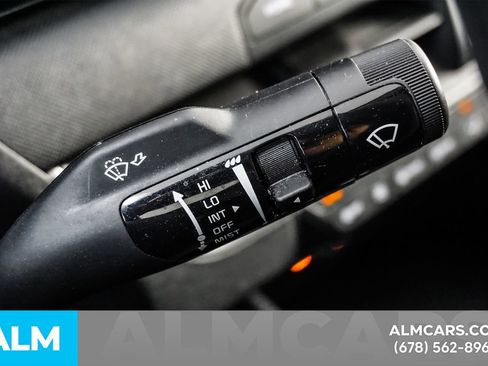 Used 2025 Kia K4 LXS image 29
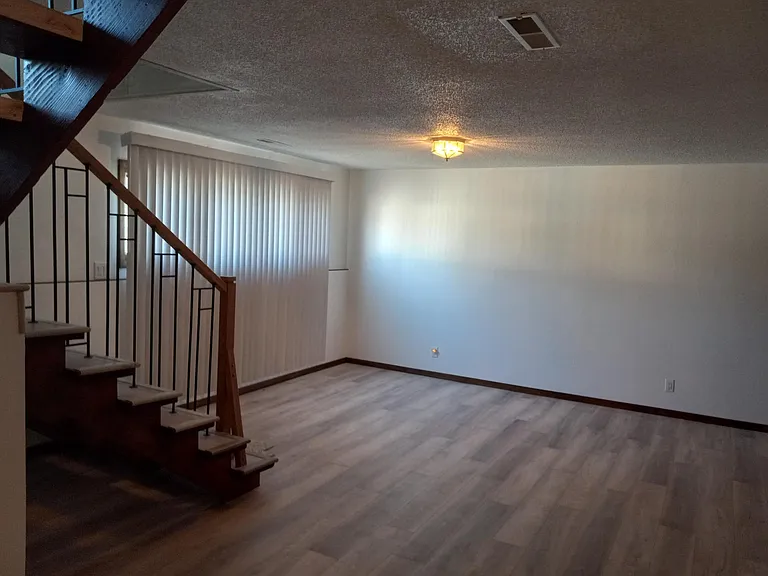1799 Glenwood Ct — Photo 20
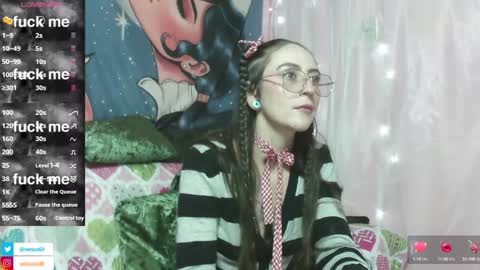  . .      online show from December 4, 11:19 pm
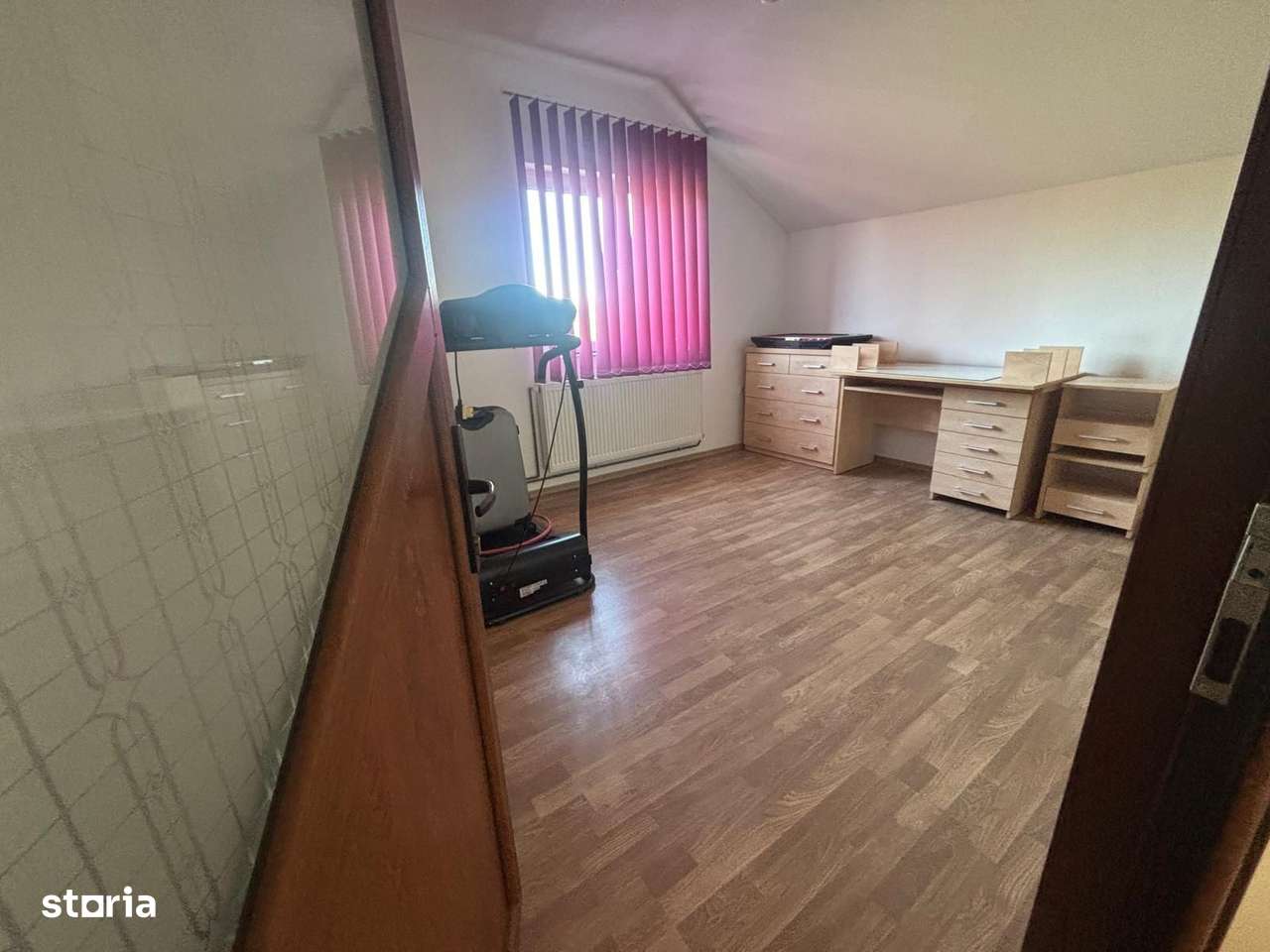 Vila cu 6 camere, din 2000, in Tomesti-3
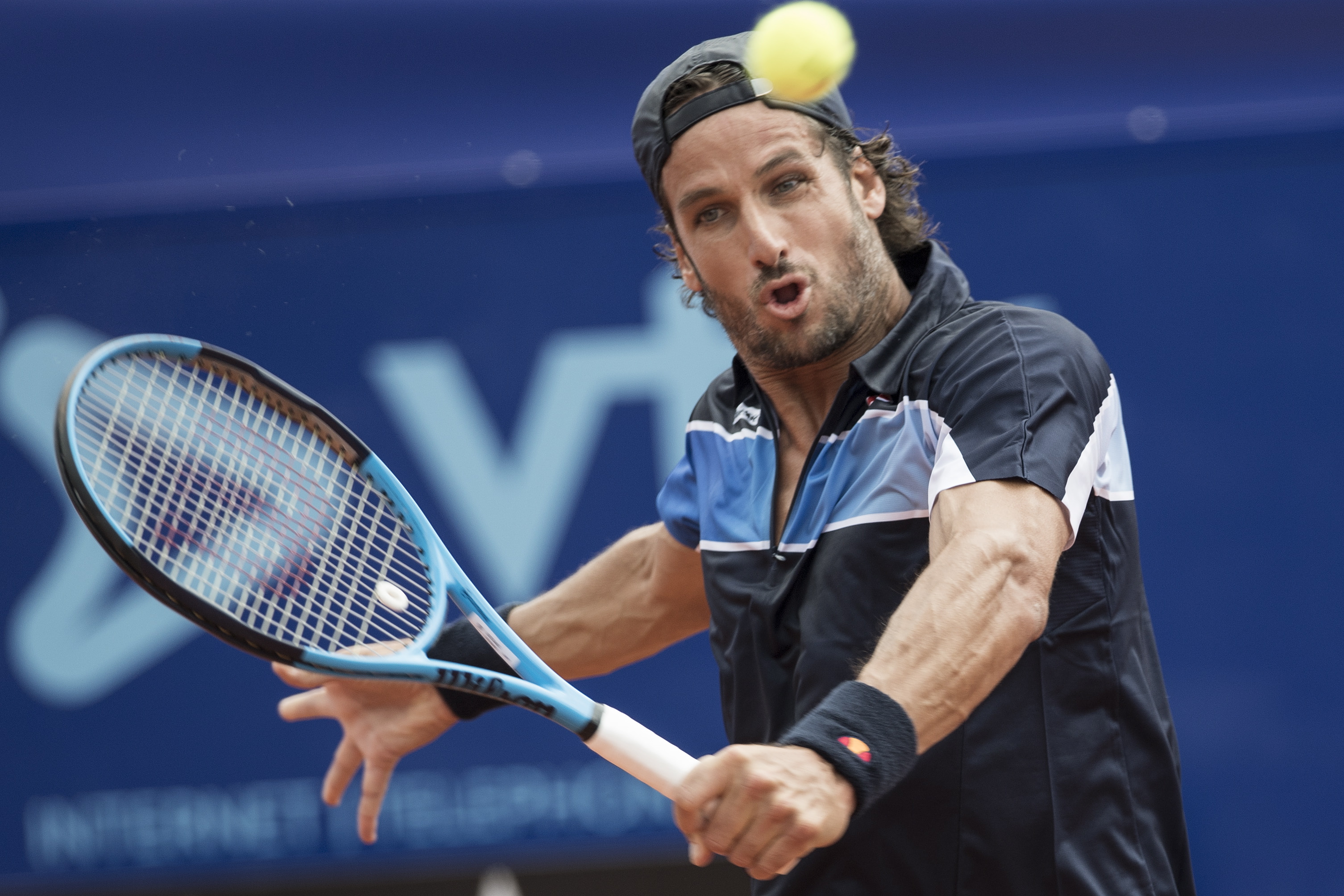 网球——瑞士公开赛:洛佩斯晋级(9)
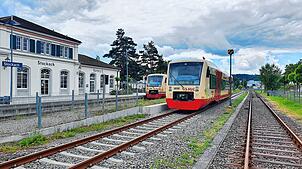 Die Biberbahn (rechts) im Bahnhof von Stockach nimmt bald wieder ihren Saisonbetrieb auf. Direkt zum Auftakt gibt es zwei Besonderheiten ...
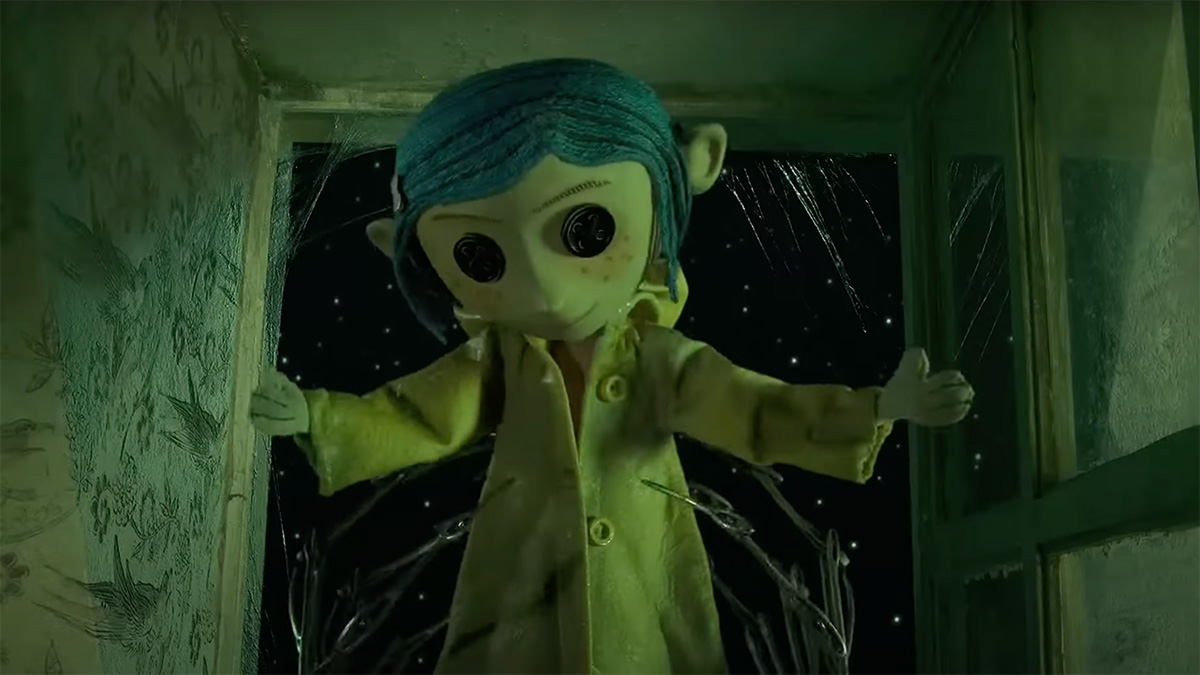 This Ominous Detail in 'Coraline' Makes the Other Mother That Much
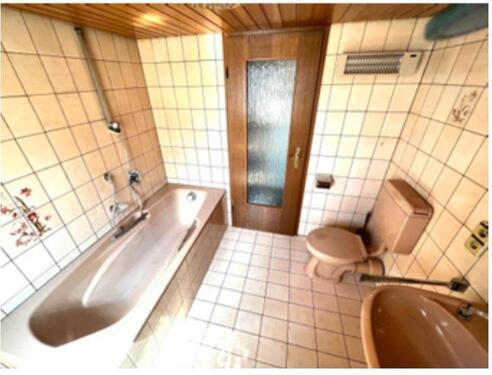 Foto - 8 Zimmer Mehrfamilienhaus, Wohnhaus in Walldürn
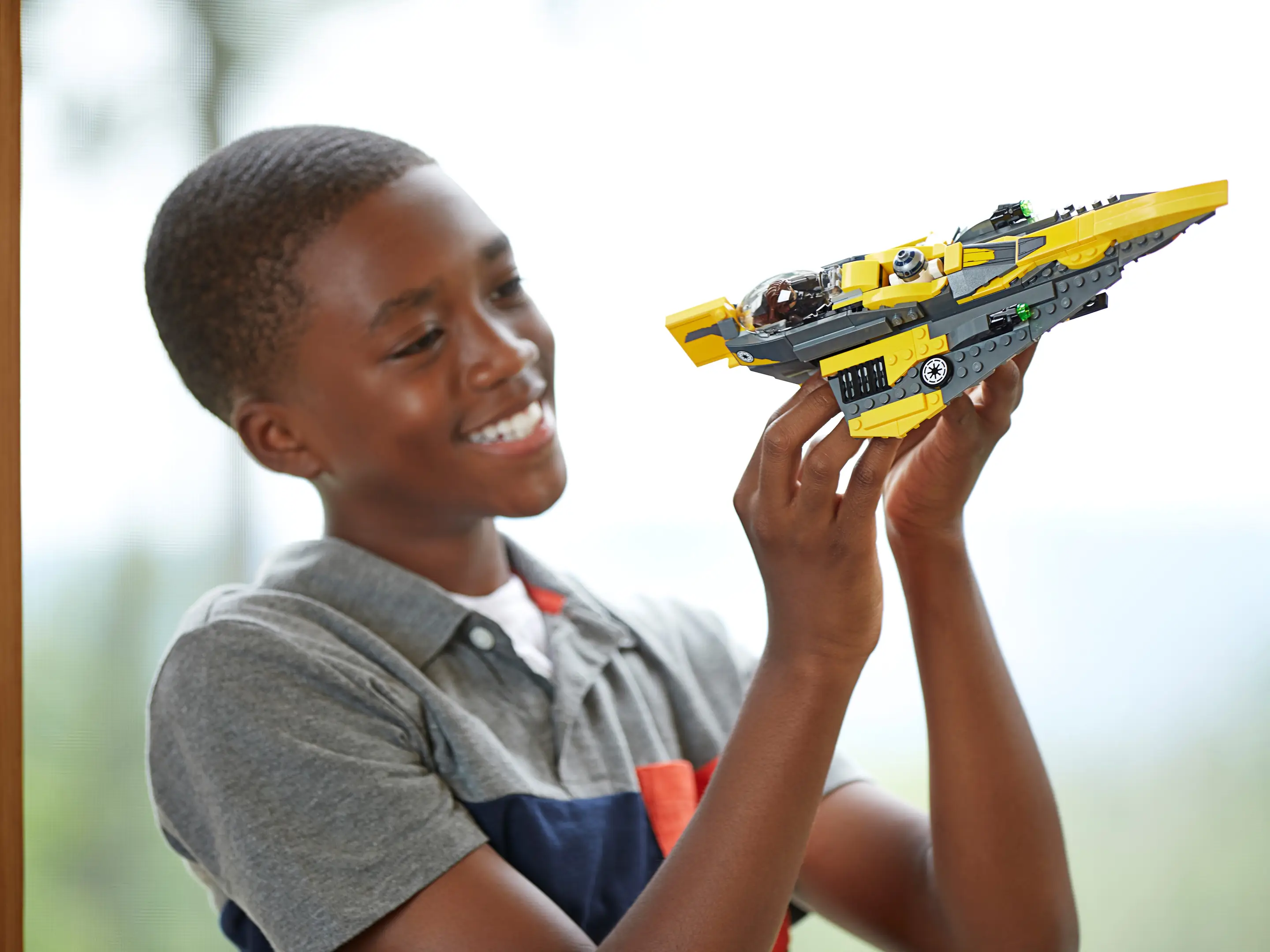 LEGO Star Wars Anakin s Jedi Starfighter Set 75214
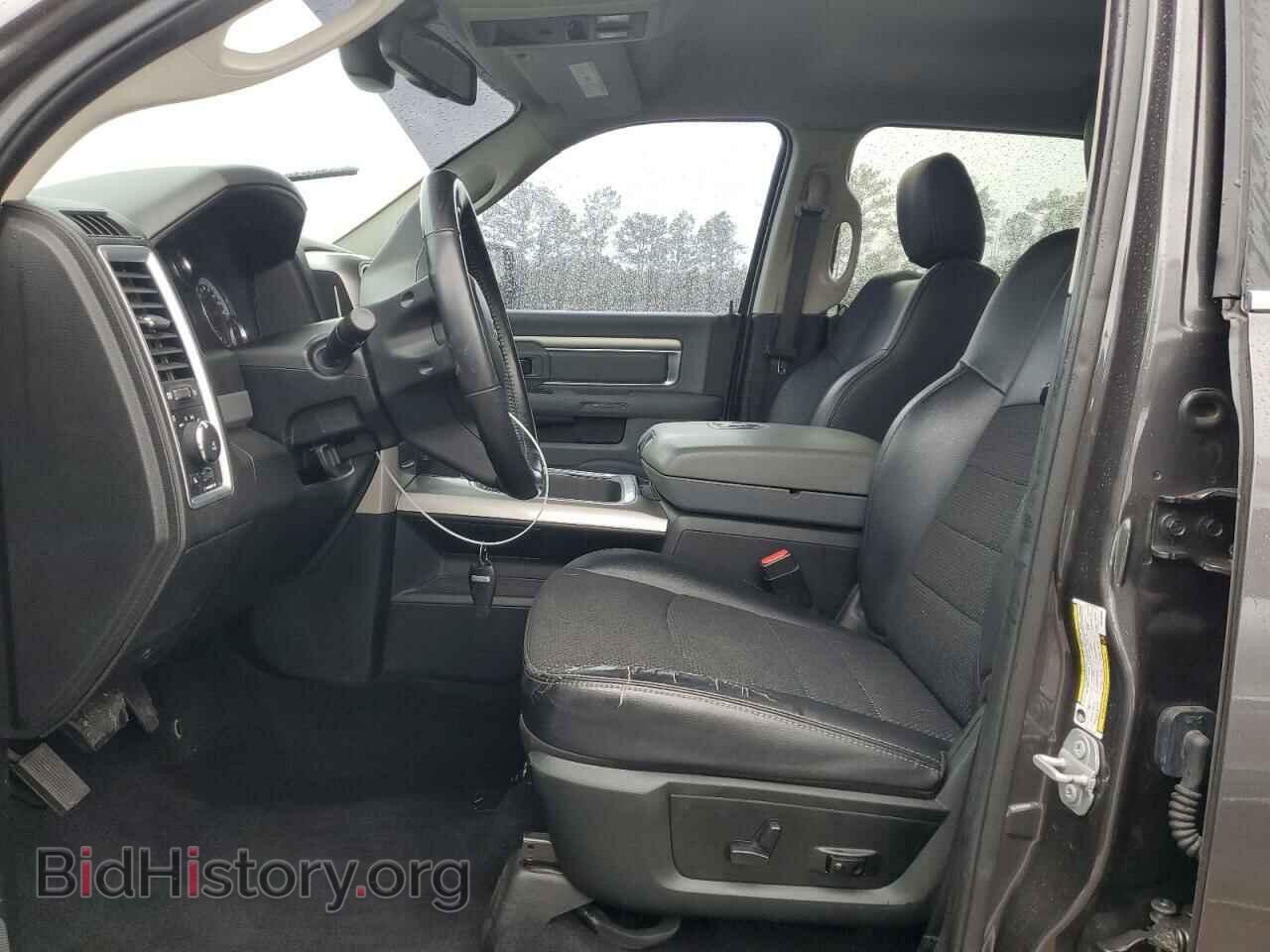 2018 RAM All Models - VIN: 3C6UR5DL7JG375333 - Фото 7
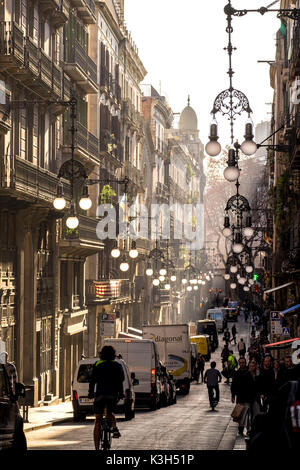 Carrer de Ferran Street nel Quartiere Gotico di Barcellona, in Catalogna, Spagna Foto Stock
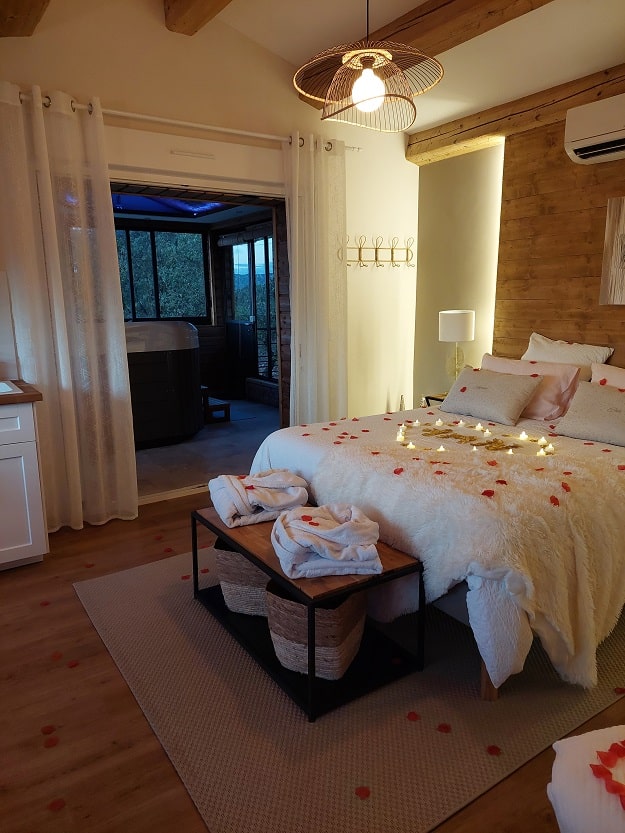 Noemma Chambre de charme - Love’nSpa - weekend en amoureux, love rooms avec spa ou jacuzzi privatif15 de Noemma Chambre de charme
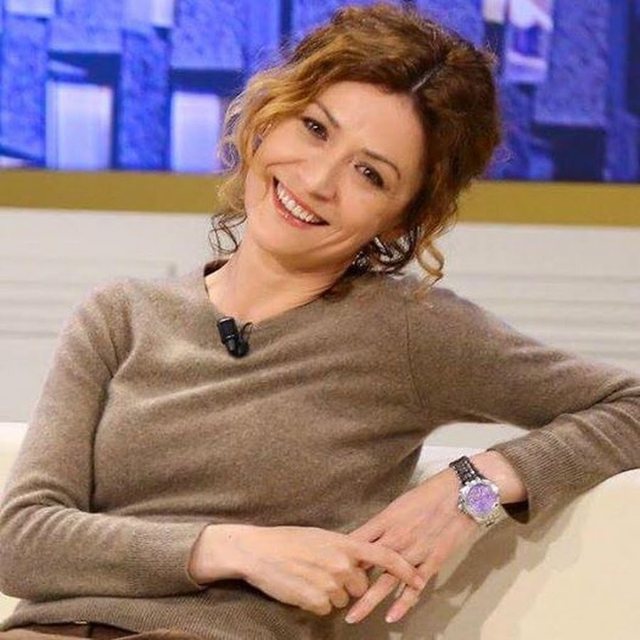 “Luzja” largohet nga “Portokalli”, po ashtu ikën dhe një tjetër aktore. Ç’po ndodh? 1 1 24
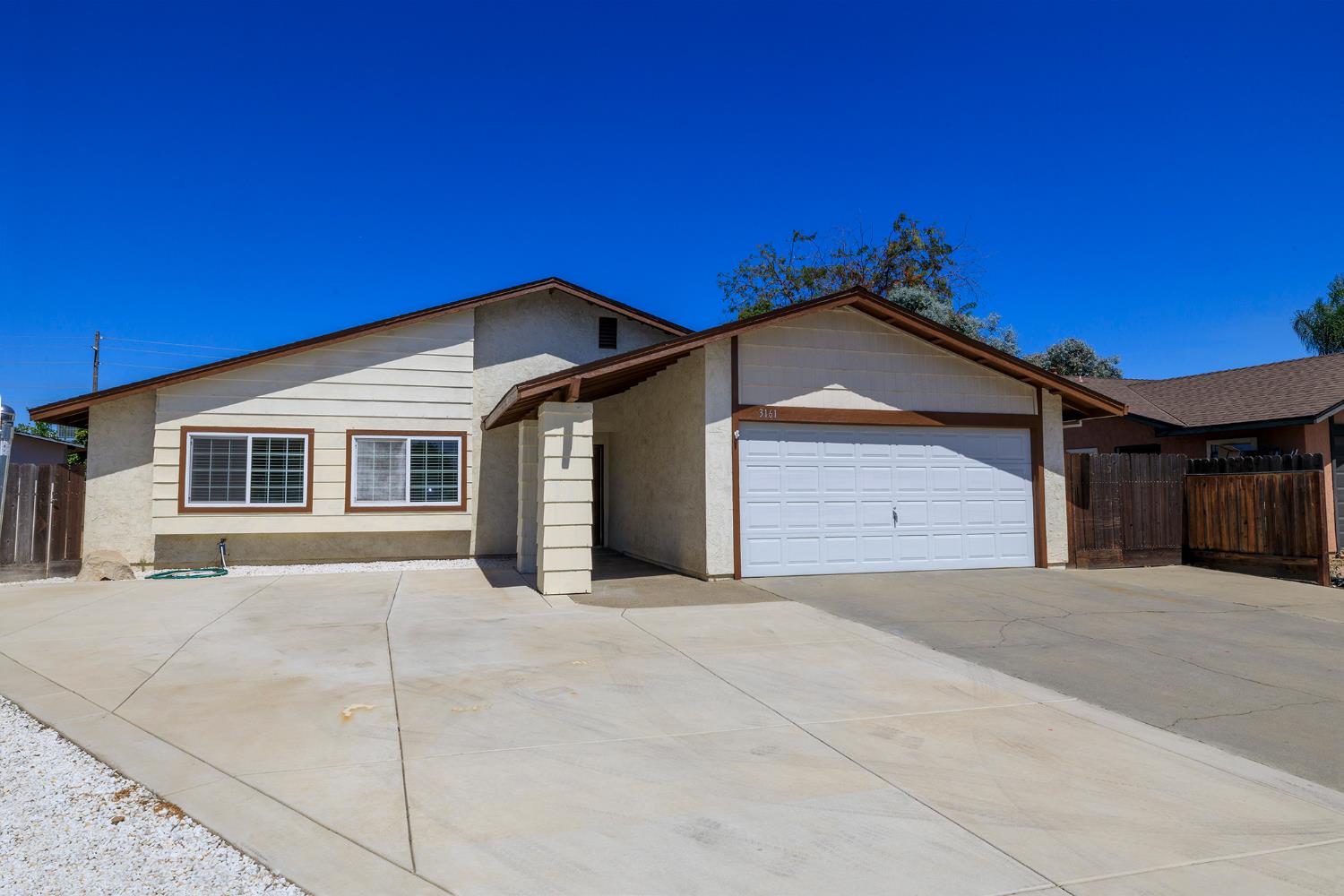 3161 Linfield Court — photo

● What to do
Leave out the pictures and give the listing above again exactly.

● Written solution
 Used 2025 Kia K4 LXS image 29
1799 Glenwood Ct — Photo 20
  . .      online show from December 4, 11:19 pm
 Vila cu 6 camere, din 2000, in Tomesti-3
 网球——瑞士公开赛:洛佩斯晋级(9)
 Die Biberbahn (rechts) im Bahnhof von Stockach nimmt bald wieder ihren Saisonbetrieb auf. Direkt zum Auftakt gibt es zwei Besonderheiten ...
 This Ominous Detail in 'Coraline' Makes the Other Mother That Much
 Foto - 8 Zimmer Mehrfamilienhaus, Wohnhaus in Walldürn
 LEGO Star Wars Anakin s Jedi Starfighter Set 75214
 2018 RAM All Models - VIN: 3C6UR5DL7JG375333 - Фото 7
 Carrer de Ferran Street nel Quartiere Gotico di Barcellona, in Catalogna, Spagna Foto Stock
 Noemma Chambre de charme - Love’nSpa - weekend en amoureux, love rooms avec spa ou jacuzzi privatif15 de Noemma Chambre de charme
 “Luzja” largohet nga “Portokalli”, po ashtu ikën dhe një tjetër aktore. Ç’po ndodh? 1 1 24
 3161 Linfield Court — photo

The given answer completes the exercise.